Eternal Colours
The Second
By Leareth
Over the next few weeks the chest lurked at the back of Hajime’s mind, his thoughts continuously returning to the painting with its faceless faces and the one black face and he would wonder what lay in the other cases. He would think the other people in his office to be larval entities that moved like a mass of maggots in the dark by-passing him oblivious to his existence. These were the days when he wanted to go home and stay there, perhaps forever, with his new wife making love in the new apartment and baking cookies in the kitchen. Nowadays his wife was asleep when he got home and the only thing that was in the kitchen was leftover dinner. They hardly spoke nowadays.
One night when his dinner had been cold and his wife oblivious, Hajime returned to the chest. In the moonlight he removed the false panel and pulled it out. He went through the cases, avoiding the one he had opened. On another case a black silk lock fell away. The case’s leather felt clammy, like dead flesh, as he opened it and spread the canvas out to stare.

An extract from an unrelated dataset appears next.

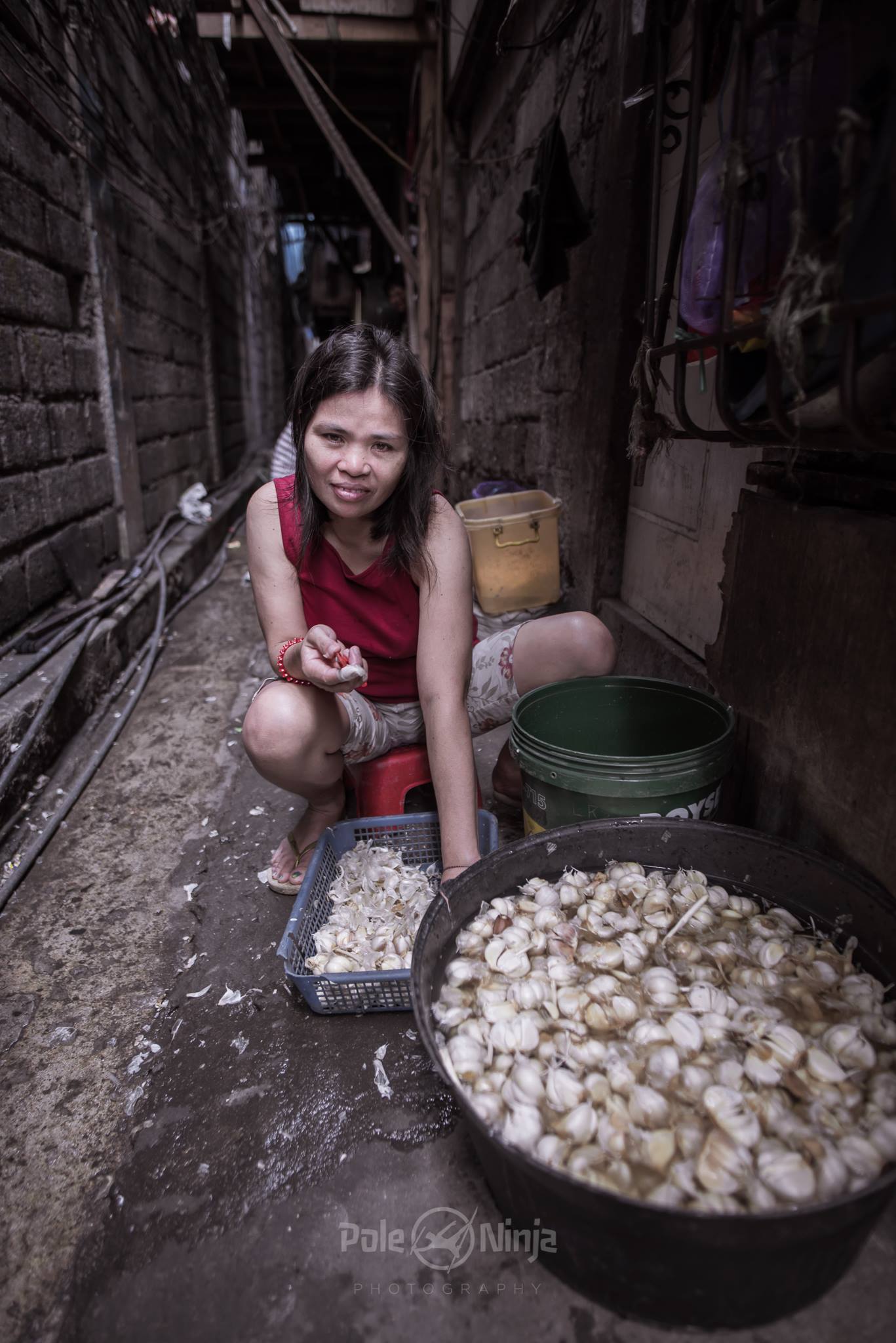  Garlic is a huge thing here for income. They peel garlic for 5ish pesos per hour, and there are kids and women everwhere doing this work. I wondered if the garlic ended up being part of why they seemed healthier than they should be (antibacterial/fu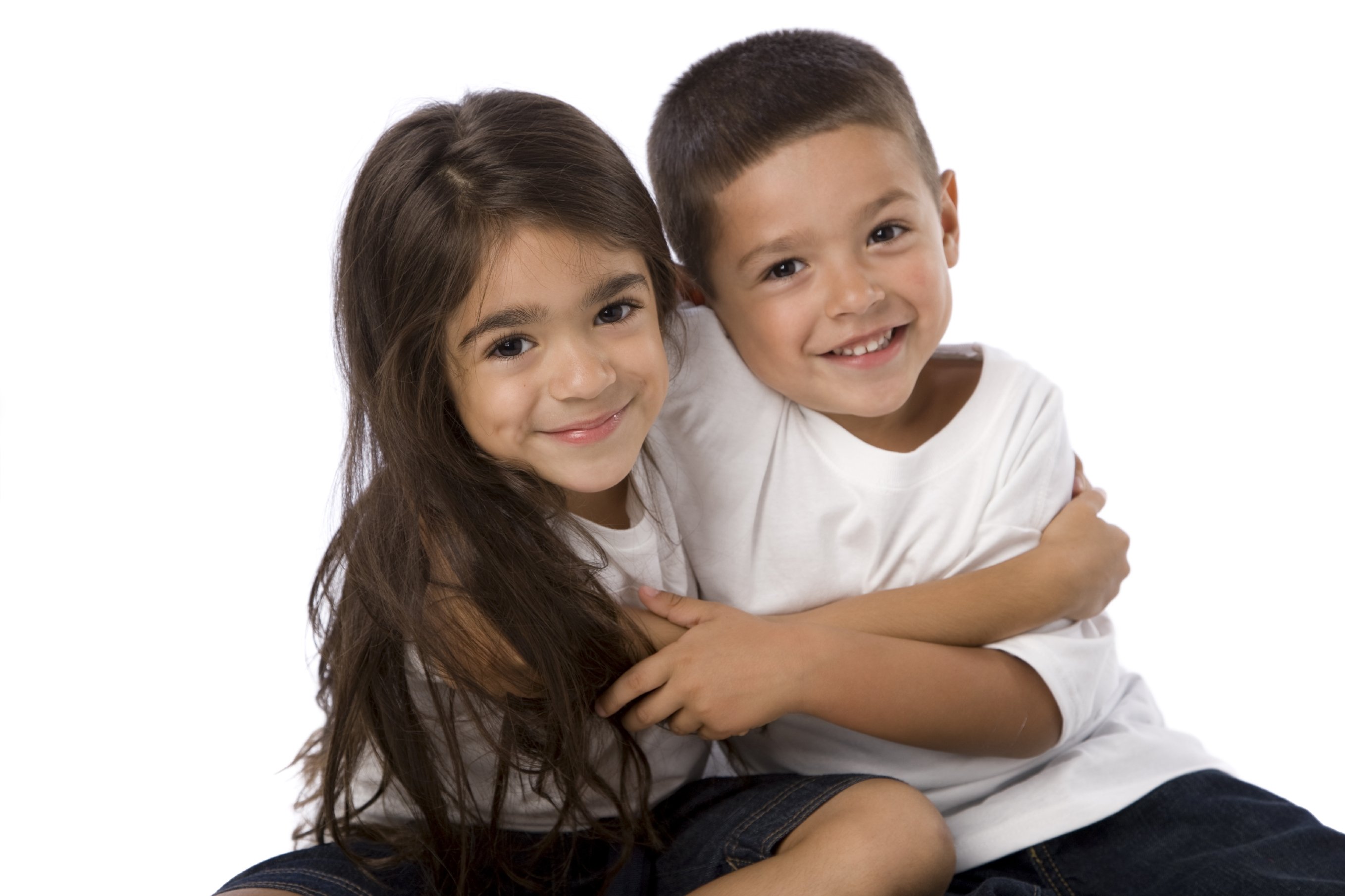 siblings 1.jpg?resize=412,232 - Confira o lindo texto de Bruna Estrela, "Tenham filhos" que viralizou na internet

The painting was of a golden birdcage, painted with a child’s preciseness. Inside the cage was the white silhouette of a bird frozen in flight, a puzzle in mid-air, for it was dissected, wings and head placed like separate pieces for the main body. White feathers battered themselves against the bars. White feathers and a golden cage, on a background of deepest red. The paint must have been oil based, because it glistened in the moonlight as if still moist. The red was painted on unevenly and thick, in some parts congealed and dripping. It looked like blood.
With a cold shiver down his back, Hajime put the painting away and went back to bed. His sleep however, was plagued by dreams, the kind he had not had since he was a waking adolescent. In the morning he had woken late and his wife was making breakfast.
"You’re finally up," she said crisply. She was putting on the kettle and wearing a lavender robe over her nightgown. "I hope you realise that you’re going to be late for work."
Hajime stood in the door and gazed at her blankly. She ignored him and turned to get a mug out of the cupboard. She had to bend down to do so, and Hajime found his eyes tracing her curves.
"You’d probably want to run off soon, so I’ll just make you coffee." She banged a mug onto the kitchen bench and looked for the sugar. "I take it that’ll you’ll be late tonight. Again. I’ll leave you dinner in the fridge—"
Hajime crossed to the kitchen and grabbed her arm. Before she could shout at him in outrage, he pulled her into a fierce kiss completely unlike the ones they had shared when he had been a shy student courting his classmate. She made a startled sound against him, then pressed closer. He slipped her robe off her rounded shoulders and reached for the tie of her nightgown as she pushed a hand up under his shirt.
Hajime didn’t go to work that day.
He didn’t know what on earth had driven him there, but it was a minor detail, something that had been quickly forgotten as the other had tried to protest – violently – first against the invasion of his home, and then against his invasion of his body. Or maybe it hadn’t been an invasion, since the other had submitted to his first kiss and allowed his defenses to be stripped away easily enough. He had tried to be gentle, he really had, but whatever had driven him to see the other ever since that first meeting in the wake of the building’s destruction turned him into a beast, and the coupling had been fiercely passionate.
Afterwards, the other had pleaded with him to stay. Of course, he didn’t. He had left the other’s home that he had so easily entered and fled to his. He had hauled out the chest and brushes and without even changing his clothes, still soiled with the other’s scent, covered the new canvas in red. The red was slathered on in sloppy strokes and had taken most of the day to dry enough for him to apply the white and gold. There had been arousal when the bird was painted, and only when the silk was sealed and the painting locked from view did it go away.
He would return to the other’s home many times after that. There was something lacking in these subsequent visits. No matter how many times he tried he could never quite reach the intensity of that first visit again. Brilliant while it lasted, afterwards he was left distant and strangely hollow. The young man, overwhelmed after these sessions, could not help, if he even noticed anything past his own pain in the first place.
Still, he always returned and tried again. The demands of the body never needed a reason.